At first, it was a bit like moving out of your parents’ house as a kid. You can do whatever you want, whenever you want. There’s a sense of unlimited freedom. Not that I ever felt bound — my wife and I have always been supportive of one another’s interests. Still, we would always check in with each other: what are you up to, do you want to do something together, what does the rest of the day look like?

Living “alone,” that check-in simply wasn’t there.

I was free to move as I pleased. I flowed more naturally across work, rest, socializing, exercise, reading, recreation, bathing, cooking, and sleep. Over time, certain rhythms emerged — some more prominent than others. It was, honestly, a fascinating way to come into contact with myself.

Then, months later, anticipating her return became its own experience.

Of course, I was excited to see her and be with her again. I could feel that something important had been missing. My partner. My confidante. My emotional co-regulator. And alongside that excitement, there was nervousness. What would reintegration be like? How would it affect my flow? Would it put more on my plate and feel heavier? Or would it take something off and feel lighter?

So, circling back to witnessing: when she arrived, I noticed myself slipping back into old habits. I checked in with her frequently. Context matters here — we both primarily work from home, so it’s easy to wrap up a meeting, see what the other person is up to, then head back to your desk and dive into whatever comes next.

But fairly quickly, I realized something.

I didn’t always need to check in with her first. And she didn’t need me to do so either. It was often healthier for me to check in with myself. What did I need next? What was my current flow state? Once I decided I was going to go for a hike, for example, I could then mention it to her and ask if she wanted to join.
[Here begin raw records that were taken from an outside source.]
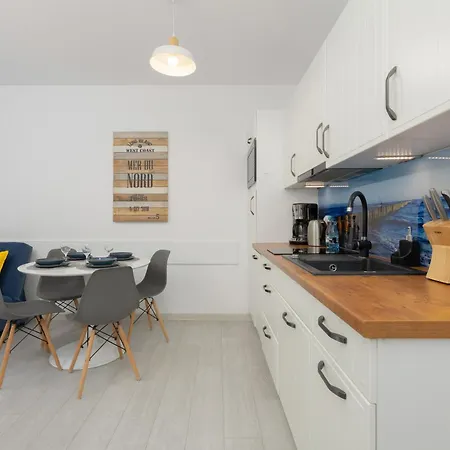 Apartament Polanki Park Z Parkingiem A201
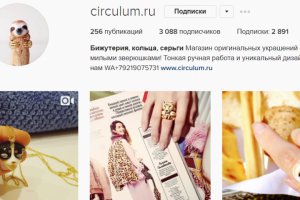 Успешное продвижение  Instagram-аккаунта в сфере бижутерии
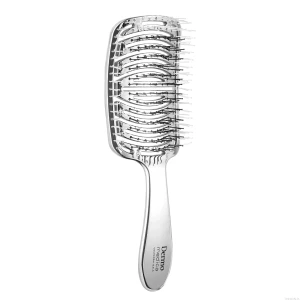 Dermomedica Silk Flow Brush trychologiczna szczotka do włosów przeznaczona do efektywnego rozczesywania zarówno suchych, jak i mokrych włosów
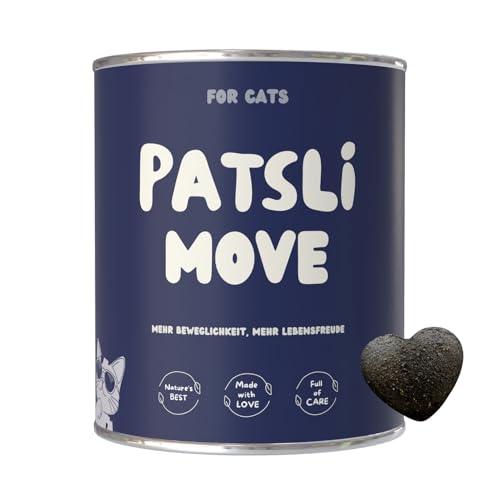 Gelenke Katze – Snack mit Grünlippmuschel, MSM & Kollagen | Nahrungsergänzungsmittel | Pflanzlich & gut verträglich | Tierärztlich entwickelt Gelenke Katze – Snack mit Grünlippmuschel, MSM & Kollagen | Nahrungsergänzungsmittel | Pflanzlich & gut verträglich | Tierärztlich entwickelt von Patsli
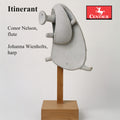 the album cover for Conor Nelson - Itinerant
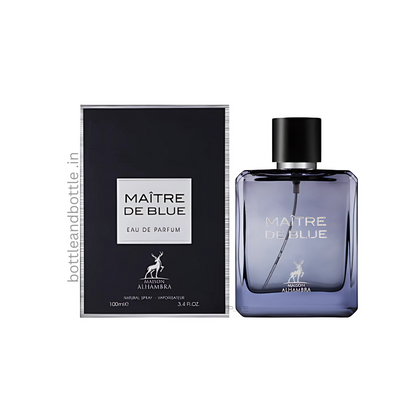 Maison Alhambra Maitre De Blue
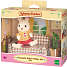 Sylvanian Families sæt med far chokoladekanin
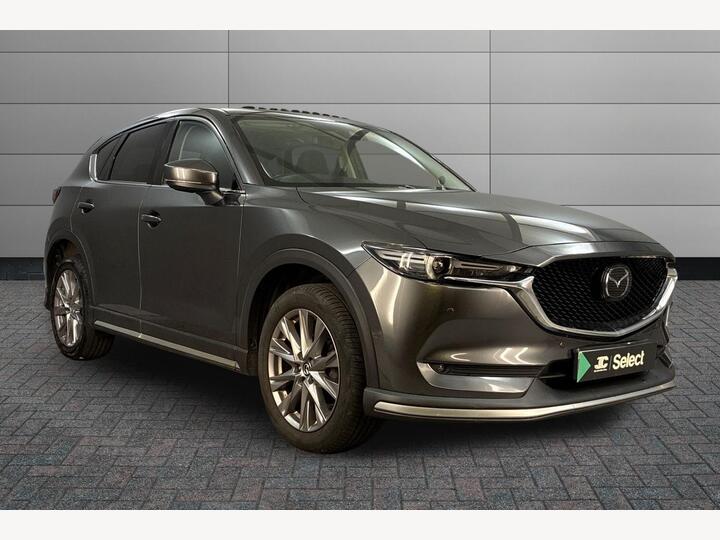 Mazda Cx-5 2.0 SKYACTIV-G Sport Nav+ Euro 6 (s/s) 5dr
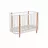 Patut Mobilier
 POLINI KIDS SIMPLE 350,ALB-FAG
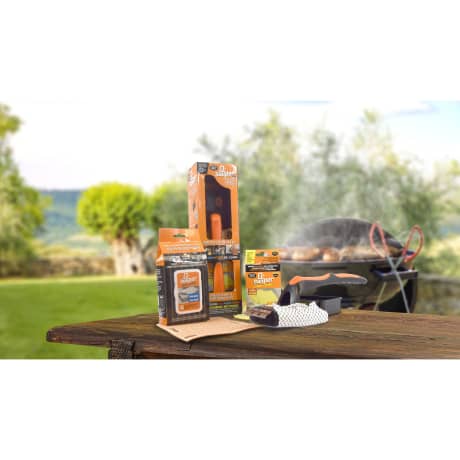 Proud Grill® Q-Swiper® XL Complete Grill Cleaner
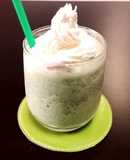 スタバ再現！？抹茶クリームフラペチーノ！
In the weeks that followed, something subtle but meaningful shifted.

We became stronger both together and apart. More comfortable together, and more comfortable not. We could come and go to our respective obligations, keep one another in the loop, connect over shared moments — coffee, walks, meals, a movie, a dance, a date — while still maintaining a healthy autonomy that, somehow, I’m not sure we fully had before.

It’s honestly hard to say exactly what changed. We’ve been together a long time. We’ve been through a lot. There have been peaks and valleys, ebbs and flows, clean lines and blurry ones.

But something feels stronger now. Cleaner. More grounded.

And it feels like it includes a deeper kind of witnessing.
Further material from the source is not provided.